Let me make one more preliminary observation before I turn to the central focus of my remarks: In reflecting on our experience to date with international justice, I will focus principally on the past seventeen-eighteen years. At the risk of oversimplification, that is because the model of justice established in Nuremberg, as well as Tokyo, appeared to be a historic anomaly until 1993, when the UN Security Council established the International Criminal Tribunal for the former Yugoslavia, or ICTY, to address the crimes of “ethnic cleansing” then underway in the Balkans. The following year, the Council took similar action in response to the 1994 genocide in Rwanda, and other international or internationalized courts soon followed.

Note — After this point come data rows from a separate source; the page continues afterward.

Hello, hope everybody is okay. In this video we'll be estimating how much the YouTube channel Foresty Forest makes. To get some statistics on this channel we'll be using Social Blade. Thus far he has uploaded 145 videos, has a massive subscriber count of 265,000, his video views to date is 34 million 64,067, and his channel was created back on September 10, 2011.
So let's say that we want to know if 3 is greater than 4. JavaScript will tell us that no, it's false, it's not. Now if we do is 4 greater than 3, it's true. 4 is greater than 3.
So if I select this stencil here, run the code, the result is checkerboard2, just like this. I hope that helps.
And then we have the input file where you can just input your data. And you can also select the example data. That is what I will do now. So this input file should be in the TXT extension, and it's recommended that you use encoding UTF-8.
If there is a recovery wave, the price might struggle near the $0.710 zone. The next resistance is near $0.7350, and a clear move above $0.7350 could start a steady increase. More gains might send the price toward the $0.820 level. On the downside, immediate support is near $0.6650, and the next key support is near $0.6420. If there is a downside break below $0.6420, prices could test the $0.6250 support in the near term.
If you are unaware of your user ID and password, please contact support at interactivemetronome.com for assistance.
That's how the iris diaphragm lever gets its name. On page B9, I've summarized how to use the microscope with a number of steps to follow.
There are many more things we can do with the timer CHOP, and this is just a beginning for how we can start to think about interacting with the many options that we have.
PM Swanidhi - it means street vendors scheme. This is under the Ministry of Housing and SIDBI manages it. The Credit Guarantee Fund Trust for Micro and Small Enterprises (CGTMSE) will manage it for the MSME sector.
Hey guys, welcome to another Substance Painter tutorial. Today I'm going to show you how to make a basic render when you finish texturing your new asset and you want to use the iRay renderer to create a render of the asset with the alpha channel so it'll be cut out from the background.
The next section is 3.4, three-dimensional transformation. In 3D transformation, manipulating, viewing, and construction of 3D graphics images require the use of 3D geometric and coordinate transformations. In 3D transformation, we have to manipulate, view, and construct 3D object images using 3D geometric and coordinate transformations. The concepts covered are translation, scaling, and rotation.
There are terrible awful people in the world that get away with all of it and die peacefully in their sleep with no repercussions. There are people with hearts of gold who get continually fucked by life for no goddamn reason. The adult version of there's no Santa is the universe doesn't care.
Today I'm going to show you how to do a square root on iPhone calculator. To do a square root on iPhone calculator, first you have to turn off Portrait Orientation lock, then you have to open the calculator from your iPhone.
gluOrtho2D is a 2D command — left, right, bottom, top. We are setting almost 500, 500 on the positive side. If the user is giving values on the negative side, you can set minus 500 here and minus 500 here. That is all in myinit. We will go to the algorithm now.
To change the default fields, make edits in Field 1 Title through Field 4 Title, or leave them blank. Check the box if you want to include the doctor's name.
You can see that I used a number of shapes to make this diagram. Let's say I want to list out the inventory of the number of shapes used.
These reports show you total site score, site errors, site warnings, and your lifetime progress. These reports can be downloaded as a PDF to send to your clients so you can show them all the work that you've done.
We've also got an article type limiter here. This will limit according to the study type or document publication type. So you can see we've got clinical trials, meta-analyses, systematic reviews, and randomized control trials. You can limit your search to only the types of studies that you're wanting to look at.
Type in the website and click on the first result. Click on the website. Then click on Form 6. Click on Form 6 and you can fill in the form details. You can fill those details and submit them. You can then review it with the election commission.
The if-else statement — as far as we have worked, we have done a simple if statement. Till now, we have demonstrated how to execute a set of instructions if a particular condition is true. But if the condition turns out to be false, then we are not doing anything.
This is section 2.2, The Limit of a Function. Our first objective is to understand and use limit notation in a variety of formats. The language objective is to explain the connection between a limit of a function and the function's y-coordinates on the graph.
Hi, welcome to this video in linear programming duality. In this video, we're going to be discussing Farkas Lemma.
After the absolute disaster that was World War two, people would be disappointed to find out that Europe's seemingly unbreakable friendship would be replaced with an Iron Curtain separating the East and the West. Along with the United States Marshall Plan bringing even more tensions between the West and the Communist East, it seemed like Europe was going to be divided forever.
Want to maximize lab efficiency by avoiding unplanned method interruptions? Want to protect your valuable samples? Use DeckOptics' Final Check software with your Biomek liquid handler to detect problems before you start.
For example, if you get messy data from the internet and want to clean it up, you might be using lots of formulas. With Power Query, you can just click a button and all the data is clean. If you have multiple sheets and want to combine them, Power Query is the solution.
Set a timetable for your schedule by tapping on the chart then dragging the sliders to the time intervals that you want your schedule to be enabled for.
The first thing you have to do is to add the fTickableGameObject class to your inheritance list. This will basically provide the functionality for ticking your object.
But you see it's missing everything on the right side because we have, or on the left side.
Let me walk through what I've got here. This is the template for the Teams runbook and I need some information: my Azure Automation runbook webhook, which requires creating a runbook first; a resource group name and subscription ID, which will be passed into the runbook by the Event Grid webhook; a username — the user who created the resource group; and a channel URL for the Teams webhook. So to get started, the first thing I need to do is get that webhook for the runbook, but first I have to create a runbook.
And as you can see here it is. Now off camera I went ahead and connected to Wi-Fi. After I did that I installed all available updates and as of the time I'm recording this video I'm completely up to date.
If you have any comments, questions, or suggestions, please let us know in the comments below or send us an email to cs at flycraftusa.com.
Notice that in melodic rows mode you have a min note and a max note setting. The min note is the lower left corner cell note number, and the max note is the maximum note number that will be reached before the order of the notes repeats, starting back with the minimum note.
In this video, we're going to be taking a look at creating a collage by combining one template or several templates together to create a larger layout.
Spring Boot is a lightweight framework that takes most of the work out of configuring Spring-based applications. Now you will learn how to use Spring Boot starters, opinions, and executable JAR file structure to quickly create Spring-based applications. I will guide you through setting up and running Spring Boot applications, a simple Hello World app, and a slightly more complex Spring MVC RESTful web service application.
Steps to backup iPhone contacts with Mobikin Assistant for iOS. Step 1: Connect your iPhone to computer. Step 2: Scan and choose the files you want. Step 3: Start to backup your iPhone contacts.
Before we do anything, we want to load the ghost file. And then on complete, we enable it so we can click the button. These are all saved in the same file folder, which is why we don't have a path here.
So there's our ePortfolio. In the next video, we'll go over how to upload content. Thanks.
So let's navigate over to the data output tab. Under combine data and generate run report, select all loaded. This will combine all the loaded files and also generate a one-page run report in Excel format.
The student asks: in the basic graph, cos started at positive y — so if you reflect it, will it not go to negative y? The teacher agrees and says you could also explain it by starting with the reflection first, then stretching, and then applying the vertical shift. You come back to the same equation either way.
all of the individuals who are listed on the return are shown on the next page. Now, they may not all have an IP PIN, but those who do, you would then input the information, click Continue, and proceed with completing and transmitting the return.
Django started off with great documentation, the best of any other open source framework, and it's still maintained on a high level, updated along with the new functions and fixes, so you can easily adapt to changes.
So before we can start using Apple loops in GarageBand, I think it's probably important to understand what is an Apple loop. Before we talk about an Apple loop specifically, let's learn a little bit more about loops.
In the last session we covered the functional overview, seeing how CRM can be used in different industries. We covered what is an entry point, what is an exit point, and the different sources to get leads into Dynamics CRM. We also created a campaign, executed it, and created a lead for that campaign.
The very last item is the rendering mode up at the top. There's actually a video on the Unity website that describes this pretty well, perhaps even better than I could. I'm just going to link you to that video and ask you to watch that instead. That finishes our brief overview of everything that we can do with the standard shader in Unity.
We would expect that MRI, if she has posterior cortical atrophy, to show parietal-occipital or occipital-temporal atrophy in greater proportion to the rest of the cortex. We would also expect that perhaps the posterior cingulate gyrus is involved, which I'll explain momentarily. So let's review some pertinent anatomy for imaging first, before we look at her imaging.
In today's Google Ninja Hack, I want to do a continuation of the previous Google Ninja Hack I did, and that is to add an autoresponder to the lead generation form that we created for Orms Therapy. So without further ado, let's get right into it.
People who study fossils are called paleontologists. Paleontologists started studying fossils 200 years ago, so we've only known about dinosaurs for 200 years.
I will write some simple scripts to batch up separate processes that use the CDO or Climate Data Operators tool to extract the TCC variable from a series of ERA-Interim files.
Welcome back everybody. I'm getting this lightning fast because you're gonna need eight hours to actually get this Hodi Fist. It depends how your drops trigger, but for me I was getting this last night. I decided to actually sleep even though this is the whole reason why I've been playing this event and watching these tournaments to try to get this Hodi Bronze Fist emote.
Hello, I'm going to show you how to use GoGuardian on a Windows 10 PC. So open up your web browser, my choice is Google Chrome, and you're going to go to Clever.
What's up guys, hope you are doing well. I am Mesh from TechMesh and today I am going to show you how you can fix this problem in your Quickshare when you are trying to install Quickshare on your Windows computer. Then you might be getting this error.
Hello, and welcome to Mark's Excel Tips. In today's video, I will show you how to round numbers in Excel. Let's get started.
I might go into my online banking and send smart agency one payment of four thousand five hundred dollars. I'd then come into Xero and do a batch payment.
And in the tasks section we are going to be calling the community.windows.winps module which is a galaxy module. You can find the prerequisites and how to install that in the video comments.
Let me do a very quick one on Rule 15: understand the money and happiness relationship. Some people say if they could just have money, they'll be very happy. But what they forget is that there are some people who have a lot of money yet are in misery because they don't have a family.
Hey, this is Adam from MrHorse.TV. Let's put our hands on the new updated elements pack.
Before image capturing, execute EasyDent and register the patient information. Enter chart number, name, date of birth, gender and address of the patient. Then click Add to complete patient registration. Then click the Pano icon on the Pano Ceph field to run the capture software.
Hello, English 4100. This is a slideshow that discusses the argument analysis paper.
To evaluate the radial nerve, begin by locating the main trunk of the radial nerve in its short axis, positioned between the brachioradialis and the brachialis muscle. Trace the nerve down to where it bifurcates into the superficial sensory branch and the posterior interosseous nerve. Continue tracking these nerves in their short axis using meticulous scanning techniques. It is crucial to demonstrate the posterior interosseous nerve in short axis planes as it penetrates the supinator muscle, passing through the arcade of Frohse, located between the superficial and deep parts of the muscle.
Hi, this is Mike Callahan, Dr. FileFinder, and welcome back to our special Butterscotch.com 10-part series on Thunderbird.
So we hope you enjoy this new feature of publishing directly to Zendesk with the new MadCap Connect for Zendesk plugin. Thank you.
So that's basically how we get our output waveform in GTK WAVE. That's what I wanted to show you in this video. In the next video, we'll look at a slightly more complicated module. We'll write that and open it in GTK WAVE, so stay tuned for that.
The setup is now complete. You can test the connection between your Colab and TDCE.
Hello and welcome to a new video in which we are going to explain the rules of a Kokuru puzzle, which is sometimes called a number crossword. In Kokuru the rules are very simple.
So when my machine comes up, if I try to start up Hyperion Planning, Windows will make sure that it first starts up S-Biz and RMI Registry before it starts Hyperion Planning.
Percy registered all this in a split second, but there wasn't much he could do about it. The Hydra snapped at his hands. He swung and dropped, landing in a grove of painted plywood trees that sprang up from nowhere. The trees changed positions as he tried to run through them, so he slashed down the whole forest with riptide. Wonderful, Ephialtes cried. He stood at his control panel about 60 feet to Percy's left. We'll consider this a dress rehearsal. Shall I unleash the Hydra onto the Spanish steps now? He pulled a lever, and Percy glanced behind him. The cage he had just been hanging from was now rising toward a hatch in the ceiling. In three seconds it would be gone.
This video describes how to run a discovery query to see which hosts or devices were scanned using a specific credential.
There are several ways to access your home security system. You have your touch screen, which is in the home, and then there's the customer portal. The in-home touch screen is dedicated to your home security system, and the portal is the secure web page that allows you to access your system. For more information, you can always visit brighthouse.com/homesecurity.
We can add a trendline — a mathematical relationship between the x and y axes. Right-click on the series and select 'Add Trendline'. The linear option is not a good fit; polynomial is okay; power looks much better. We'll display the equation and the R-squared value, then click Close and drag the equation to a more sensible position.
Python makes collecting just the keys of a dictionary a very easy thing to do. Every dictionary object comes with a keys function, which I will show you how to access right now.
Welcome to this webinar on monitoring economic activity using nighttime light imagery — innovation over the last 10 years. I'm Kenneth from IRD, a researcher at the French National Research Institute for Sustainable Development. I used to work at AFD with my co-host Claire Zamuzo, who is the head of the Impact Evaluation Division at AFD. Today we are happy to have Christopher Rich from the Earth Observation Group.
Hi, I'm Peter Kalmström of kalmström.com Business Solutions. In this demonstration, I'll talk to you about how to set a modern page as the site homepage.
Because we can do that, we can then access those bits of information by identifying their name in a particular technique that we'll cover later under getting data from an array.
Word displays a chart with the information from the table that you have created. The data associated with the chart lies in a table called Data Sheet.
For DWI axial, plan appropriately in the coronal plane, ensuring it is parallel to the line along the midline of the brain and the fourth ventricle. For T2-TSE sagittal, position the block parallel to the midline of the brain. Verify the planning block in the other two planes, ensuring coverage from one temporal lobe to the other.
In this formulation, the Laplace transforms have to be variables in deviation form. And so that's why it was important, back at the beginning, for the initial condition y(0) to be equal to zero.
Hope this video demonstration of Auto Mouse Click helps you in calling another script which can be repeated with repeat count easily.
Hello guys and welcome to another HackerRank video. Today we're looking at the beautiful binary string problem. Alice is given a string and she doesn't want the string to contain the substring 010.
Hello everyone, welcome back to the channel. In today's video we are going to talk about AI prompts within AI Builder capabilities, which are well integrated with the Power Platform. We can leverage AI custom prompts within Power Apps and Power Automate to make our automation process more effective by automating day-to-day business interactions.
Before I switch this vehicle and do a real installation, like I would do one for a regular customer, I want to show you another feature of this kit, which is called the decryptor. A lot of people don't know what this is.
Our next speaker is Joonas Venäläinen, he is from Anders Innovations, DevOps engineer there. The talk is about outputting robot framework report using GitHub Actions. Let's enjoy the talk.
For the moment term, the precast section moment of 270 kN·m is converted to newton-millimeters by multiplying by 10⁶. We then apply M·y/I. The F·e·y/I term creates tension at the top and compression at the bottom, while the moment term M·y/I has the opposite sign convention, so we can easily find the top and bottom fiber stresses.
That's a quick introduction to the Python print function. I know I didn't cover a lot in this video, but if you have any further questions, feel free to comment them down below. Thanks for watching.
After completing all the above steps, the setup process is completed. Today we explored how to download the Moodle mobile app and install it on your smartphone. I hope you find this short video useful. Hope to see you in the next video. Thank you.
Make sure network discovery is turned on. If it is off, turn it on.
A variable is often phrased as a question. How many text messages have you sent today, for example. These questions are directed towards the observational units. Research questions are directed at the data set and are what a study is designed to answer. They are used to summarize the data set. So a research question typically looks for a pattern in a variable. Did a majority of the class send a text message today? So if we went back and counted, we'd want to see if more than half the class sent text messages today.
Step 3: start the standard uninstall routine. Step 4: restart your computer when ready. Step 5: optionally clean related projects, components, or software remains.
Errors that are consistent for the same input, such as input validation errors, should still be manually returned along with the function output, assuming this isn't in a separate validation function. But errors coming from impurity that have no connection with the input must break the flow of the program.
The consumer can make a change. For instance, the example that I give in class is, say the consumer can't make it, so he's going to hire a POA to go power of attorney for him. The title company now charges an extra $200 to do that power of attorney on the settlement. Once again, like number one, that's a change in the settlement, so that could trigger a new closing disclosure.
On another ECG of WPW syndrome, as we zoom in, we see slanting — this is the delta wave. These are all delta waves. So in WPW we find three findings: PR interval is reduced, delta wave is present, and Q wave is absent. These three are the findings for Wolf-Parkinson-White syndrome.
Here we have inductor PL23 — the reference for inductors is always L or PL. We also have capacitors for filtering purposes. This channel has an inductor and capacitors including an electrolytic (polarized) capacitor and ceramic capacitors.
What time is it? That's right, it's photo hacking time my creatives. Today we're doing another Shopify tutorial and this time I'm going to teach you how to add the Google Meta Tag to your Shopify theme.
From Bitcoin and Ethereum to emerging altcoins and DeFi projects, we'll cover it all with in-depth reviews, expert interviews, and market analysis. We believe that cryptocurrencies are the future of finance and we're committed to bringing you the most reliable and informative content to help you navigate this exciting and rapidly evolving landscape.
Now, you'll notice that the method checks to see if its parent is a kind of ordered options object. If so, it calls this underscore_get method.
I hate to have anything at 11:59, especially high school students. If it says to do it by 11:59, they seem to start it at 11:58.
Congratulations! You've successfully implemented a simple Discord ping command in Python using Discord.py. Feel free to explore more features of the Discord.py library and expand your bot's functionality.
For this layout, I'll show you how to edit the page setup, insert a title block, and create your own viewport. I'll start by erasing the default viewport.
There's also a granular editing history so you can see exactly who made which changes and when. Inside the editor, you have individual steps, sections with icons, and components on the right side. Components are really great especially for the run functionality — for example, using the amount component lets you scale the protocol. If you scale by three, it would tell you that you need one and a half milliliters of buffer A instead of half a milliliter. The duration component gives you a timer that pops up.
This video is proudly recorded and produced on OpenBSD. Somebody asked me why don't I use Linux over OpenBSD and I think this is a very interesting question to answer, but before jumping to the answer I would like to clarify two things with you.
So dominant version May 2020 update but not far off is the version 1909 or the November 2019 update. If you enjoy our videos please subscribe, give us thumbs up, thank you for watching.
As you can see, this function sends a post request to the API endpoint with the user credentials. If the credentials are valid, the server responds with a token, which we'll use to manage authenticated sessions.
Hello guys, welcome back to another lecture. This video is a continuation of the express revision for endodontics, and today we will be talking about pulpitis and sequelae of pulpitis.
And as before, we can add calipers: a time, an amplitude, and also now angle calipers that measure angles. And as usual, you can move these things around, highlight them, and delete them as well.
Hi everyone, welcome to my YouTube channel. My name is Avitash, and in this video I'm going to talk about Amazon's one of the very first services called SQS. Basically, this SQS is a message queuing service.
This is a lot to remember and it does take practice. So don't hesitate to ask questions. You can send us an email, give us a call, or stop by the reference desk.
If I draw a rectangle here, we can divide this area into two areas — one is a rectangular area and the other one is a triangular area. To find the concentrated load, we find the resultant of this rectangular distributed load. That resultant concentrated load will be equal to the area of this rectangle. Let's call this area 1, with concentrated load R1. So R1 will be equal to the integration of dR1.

Several developments revived Nuremberg, first as a principle and then as an institutional model, decades after the postwar leadership trials ended. First, during the 1980s, as numerous military dictatorships in Latin America gave way to democratically-elected governments, we saw a new commitment to the principle that those responsible for designing and enforcing a system of atrocities should be held accountable. Despite long years of brutally repressive rule, many of these countries were blessed with vibrant civil society organizations which, on behalf of victims, demanded justice for the violence they had endured.

While each country’s response was different, this wave of democratic transition gave rise to processes of reckoning with human rights crimes of a recently ended dictatorship that would later be captured in the phrase “transitional justice.” In many ways, Argentina’s 1985 prosecution of the then recently vanquished junta—its Nuremberg trial—inspired other newly restored democracies to answer the violence of the recent past with the judgment of legal process.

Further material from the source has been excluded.